To the Editor:
In our society the doctor plays many roles: healer, community leader, scientist, advocate for patients, confidante, and role model. Another vital role for today's physician is as environmental steward. The health of human beings relies on the health of our planet, and doctors can do more to protect both. Doctors need to begin fighting for global environmental issues. On a local level, the doctor is in a unique position to affect change. Furthermore, doctors can be healthier people and role models themselves when they are more personally connected to the environment around them.
As science propels forward at breakneck speed, scientists are becoming better at discovering and describing just how sick our planet is. From global warming to water pollution to smog, the Earth is in trouble. With a sick planet come sick inhabitants. It is estimated that 1.8 million people die each year from diarrheal diseases, with a majority of these cases attributed to unsafe drinking water.
In February 2008, chemicals leaking into the Dongjing River in central China turned the water red and foamy, cutting the water supply to over 100 000 people.
In Australia, as the ozone layer becomes more depleted, there has been a 41% increase in melanoma since 1993.
Skin cancer and solar UV radiation.
Our cities are dirty and smog-filled, as an estimated one fourth of the world's population lives exposed to unhealthy concentrations of air pollutants.
As doctors, it is our duty to point out the connections between the health of the Earth and the health of the human race. We must perform the studies, raise the issues before government officials, start campaigns, strike up public awareness, and facilitate change.
Perhaps a more direct and practical way for many doctors to become stewards for the environment is by working on a local level. As more and more adolescents grow up obese, with their only interactions with the wilderness occurring through video games and movies, it is time for doctors to stand up and shout, “Get out and see the mountains!” Put trail maps and magazines like National Geographic next to the People Magazine in the waiting room. Start wilderness interest groups and recycling programs at the hospital. Advocate for city-wide recycling programs. While these activities may be unrelated to the daily practice of medicine, as a doctor your voice goes far. Question the quality of your town's water and air and fight to improve access to safe parks. These quality improvement checks are the doctor's responsibility—if doctors don’t take on these challenges, environmental problems with real solutions may slip through the cracks. When patients begin to take advantage of a healthier local environment, they become healthier patients.

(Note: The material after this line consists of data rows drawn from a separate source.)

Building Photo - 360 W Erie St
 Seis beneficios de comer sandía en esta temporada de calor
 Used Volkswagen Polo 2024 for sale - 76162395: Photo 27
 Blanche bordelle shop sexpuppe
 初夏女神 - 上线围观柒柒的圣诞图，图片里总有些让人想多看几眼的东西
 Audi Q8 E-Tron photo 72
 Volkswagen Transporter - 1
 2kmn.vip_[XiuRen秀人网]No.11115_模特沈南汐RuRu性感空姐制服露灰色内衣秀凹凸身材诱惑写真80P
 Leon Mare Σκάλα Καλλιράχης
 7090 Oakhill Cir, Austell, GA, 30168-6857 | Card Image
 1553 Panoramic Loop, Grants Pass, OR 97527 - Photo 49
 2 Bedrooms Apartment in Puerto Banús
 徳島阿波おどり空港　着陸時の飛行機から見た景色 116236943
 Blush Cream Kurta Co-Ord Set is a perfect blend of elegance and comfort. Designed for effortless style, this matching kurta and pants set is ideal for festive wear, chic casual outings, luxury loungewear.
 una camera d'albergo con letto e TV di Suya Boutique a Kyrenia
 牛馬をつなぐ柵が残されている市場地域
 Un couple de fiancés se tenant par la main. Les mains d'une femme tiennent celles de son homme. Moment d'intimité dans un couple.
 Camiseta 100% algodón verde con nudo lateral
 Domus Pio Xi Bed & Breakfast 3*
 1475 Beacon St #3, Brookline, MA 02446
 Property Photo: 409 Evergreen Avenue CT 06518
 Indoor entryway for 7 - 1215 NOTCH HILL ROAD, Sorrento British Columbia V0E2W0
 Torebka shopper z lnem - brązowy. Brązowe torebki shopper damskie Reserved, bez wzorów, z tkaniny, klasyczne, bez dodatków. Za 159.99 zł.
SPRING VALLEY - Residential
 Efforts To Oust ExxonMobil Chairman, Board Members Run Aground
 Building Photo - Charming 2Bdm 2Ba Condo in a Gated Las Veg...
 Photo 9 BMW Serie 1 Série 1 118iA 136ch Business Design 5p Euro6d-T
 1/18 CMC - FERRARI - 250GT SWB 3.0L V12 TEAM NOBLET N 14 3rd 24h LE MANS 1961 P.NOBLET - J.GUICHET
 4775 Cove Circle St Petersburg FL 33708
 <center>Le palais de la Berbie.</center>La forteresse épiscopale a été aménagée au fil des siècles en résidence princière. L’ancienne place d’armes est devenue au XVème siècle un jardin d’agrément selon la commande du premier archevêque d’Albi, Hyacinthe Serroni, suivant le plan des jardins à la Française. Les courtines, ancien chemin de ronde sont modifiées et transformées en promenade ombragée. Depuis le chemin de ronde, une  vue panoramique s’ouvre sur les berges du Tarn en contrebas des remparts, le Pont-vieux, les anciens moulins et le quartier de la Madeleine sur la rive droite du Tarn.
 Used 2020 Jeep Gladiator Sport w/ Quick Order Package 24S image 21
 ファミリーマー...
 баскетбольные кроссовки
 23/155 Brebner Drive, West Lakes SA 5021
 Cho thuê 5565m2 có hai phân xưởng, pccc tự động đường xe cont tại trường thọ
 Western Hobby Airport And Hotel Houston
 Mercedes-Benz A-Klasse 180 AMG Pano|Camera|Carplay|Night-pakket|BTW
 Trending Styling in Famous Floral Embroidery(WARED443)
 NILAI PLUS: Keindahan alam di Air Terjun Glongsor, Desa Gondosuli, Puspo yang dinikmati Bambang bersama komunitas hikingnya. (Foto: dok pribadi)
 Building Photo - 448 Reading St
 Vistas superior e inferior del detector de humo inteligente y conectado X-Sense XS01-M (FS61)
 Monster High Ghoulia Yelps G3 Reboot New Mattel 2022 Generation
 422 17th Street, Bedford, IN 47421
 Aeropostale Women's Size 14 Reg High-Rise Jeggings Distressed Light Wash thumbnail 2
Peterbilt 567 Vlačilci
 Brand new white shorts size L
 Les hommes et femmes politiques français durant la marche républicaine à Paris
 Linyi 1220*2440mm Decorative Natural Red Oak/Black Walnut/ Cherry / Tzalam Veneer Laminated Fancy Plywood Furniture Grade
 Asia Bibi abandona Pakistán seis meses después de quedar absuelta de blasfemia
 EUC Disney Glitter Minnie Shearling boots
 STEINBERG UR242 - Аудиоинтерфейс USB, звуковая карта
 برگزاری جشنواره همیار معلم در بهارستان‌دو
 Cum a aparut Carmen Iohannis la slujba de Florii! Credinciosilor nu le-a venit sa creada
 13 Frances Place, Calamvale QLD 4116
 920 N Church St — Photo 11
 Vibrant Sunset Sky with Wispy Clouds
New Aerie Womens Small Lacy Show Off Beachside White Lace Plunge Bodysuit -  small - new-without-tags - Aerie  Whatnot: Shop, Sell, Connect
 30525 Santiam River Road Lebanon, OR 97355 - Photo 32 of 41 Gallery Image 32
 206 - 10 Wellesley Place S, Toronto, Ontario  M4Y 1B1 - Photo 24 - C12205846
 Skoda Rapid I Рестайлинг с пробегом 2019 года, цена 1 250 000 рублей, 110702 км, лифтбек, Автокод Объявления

As Paul Auerbach suggests, the field of medicine can become more connected with environmental issues by incorporating them into the medical school curriculum.
Physicians and the environment.
My own recent experience as a student on a wilderness medicine rotation has impacted the way I want to live my life personally as a doctor. I want to live a healthy life and help others to do the same. I plan to trade treadmill for trail, to enjoy and participate in nature. When doctors have a personal connection with the environment, advocacy for environmental issues becomes more important. As role models, doctors can then share stories and thoughts about their relationships with the wilderness and inspire others to explore. Take a trip into the woods during your vacation. Explore the wild world while it still exists, and bring a friend with you who has not experienced the wonderful world away from roads and billboards and smokestacks.
Doctors are healers, and the Earth is a patient worth saving. On a global, local, and personal level, let us use our positions of influence to make a difference. Let doctors first do no harm and, second, try to help steward our planet to health.